Huntington Ingalls Industries (NYSE:HII) became an independent and publicly-owned company on March 25, 2011, after its spin-off from Northrop Grumman (NYSE:NOC). It benefits from 130 years of experience and is America's largest military shipbuilding company, which has built more than 70% of the world's largest Navy fleet.
Since its IPO, the stock went from $39.25 to $136.94 (or +249%) as of 03/31/2016 and easily outperformed both the market and the Aerospace & Defense industry. The stock is showing a very strong resistance to economic downturn and the market selloff. Indeed, during the huge market selloff of January and February 2016, HII turned positive yoy on 02/10/16 (while it went down by only 4%), while the S&P 500 was down up to 10.5% on the exact same day and turned positive yoy only recently on 03/08/2016.

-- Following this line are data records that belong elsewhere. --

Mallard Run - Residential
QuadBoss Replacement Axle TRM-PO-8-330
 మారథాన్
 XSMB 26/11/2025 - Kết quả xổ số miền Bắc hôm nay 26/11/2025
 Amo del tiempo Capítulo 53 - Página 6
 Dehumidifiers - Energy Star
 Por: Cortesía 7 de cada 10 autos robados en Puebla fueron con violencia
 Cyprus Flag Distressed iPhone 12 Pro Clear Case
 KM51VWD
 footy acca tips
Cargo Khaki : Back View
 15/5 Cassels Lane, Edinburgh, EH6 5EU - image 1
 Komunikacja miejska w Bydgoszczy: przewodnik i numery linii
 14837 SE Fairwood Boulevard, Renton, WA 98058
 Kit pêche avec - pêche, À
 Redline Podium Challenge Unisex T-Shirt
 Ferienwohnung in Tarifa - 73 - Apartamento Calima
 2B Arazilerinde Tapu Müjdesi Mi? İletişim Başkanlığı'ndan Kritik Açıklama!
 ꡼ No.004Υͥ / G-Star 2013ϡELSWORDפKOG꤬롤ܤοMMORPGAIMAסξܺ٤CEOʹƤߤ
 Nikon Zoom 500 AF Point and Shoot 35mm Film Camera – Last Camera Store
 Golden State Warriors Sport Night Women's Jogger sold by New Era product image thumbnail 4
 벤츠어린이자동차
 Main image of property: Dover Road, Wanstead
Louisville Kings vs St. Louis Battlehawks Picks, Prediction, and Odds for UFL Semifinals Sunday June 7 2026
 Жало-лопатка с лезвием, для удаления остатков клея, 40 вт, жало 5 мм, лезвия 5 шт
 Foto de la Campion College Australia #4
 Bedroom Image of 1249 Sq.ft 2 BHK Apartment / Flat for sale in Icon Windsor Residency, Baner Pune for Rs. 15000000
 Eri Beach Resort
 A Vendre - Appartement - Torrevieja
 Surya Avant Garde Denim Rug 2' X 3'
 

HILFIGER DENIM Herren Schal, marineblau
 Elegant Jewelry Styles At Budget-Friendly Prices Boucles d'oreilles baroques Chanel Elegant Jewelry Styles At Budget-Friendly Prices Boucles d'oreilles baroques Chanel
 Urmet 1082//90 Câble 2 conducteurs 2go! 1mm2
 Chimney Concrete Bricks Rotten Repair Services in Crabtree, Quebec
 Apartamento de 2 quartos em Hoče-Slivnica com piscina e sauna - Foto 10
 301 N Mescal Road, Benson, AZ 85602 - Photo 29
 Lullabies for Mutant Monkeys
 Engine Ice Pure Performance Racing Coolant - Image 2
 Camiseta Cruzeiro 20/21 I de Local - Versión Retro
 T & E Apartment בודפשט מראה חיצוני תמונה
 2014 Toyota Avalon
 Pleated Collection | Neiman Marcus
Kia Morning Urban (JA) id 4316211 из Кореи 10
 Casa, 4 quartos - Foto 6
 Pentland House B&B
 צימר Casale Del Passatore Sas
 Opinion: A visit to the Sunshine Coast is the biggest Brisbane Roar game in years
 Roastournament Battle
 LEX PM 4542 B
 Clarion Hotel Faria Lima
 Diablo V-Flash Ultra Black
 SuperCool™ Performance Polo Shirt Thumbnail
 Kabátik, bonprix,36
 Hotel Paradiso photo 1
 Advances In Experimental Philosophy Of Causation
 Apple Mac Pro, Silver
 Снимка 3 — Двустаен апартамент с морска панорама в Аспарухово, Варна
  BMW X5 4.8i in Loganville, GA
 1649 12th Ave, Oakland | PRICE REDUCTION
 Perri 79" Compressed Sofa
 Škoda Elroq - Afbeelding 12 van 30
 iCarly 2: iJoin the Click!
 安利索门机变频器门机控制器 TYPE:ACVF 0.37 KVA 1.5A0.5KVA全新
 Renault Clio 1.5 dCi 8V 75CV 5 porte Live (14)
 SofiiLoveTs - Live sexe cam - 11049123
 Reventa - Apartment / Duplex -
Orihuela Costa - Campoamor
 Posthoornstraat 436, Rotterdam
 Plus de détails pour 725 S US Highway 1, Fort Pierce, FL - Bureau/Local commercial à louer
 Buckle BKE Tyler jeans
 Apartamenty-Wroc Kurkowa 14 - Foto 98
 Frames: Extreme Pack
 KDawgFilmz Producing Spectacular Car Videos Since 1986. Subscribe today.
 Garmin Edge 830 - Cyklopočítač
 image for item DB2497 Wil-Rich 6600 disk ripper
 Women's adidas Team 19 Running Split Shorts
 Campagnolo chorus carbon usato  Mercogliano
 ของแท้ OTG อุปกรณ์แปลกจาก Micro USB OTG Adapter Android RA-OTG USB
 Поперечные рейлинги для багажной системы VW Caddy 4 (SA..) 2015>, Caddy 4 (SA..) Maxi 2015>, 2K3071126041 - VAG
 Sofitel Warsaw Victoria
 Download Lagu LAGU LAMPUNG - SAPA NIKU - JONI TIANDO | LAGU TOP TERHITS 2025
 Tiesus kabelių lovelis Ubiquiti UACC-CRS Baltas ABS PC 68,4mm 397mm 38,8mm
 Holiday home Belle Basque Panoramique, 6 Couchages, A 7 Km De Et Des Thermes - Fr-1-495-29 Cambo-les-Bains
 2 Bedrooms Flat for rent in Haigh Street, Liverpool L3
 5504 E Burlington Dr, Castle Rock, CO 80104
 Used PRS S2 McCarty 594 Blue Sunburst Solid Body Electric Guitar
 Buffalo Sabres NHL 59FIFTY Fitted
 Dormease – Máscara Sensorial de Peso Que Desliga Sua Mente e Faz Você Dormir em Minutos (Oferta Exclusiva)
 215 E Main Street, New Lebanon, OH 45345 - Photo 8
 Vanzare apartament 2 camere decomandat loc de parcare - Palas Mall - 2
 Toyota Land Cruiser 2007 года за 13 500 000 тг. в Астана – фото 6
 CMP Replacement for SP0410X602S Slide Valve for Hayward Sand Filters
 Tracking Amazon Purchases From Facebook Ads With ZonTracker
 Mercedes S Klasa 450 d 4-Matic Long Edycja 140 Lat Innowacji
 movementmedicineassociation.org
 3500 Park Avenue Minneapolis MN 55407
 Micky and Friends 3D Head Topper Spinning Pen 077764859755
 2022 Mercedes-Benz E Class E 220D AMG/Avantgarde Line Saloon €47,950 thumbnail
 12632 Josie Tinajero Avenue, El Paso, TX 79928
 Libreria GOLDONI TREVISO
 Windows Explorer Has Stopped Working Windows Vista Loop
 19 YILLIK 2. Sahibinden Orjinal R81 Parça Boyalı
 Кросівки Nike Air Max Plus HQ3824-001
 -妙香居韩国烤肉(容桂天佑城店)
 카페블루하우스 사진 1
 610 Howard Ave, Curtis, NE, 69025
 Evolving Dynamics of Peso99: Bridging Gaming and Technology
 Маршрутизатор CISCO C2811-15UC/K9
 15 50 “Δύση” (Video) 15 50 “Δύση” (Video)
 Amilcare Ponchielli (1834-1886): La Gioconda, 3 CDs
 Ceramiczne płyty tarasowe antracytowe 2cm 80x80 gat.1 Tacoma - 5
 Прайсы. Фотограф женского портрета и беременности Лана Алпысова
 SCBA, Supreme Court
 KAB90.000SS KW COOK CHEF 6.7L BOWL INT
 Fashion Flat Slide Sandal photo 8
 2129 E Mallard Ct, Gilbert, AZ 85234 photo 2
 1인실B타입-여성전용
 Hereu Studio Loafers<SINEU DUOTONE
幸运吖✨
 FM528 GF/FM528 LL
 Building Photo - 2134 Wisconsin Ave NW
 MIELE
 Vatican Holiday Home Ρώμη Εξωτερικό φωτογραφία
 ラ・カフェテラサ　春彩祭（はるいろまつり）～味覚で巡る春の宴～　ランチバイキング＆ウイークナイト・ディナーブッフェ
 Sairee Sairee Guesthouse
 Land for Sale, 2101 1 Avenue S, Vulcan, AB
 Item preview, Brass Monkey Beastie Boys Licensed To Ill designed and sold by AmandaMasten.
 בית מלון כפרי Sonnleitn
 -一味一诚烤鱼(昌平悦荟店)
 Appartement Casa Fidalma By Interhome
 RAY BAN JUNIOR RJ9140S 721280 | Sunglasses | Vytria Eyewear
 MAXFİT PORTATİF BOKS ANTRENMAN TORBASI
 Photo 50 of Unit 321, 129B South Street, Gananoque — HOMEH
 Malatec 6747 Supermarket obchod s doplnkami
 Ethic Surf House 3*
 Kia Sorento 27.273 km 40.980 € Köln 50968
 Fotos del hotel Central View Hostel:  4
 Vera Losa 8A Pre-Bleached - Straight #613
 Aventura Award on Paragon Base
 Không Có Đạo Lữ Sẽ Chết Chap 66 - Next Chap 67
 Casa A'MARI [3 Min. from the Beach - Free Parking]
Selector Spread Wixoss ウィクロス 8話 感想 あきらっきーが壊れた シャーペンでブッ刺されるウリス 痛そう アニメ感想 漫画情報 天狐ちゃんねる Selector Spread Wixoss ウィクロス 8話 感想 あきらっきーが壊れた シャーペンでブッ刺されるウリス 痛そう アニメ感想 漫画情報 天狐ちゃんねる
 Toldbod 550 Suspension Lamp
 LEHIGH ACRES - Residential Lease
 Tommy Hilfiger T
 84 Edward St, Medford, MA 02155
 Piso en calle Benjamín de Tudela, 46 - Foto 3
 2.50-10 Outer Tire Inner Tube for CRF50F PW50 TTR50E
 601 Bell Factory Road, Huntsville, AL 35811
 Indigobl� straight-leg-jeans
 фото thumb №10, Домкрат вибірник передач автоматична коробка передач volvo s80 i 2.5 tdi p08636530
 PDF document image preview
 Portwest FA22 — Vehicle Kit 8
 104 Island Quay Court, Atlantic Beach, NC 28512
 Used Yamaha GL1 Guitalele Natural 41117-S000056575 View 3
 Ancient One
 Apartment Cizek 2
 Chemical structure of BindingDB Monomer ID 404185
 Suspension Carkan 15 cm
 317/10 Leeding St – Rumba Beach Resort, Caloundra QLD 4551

In 2011, Northrop Grumman decided to spin-off its shipbuilding unit. The activity was struggling due to a slowdown in shipbuilding contracts, low margins (compared to the other activities of Northrop like aerospace and electronics), and huge debt. Taking into account that HII started with relatively high debt, weak revenue growth and low earnings, the stock was not attractive at the time.
But the situation has changed since 2011. The company succeeded to improve its margins and reduce its debt. HII will continue to increase its stock repurchase program and its dividends thanks to a strong and improving cash generation. It made some key acquisitions that will help the company to improve its growth in the long run. Its market position within the military shipbuilding market grants the company with very low risks and guaranteed revenues.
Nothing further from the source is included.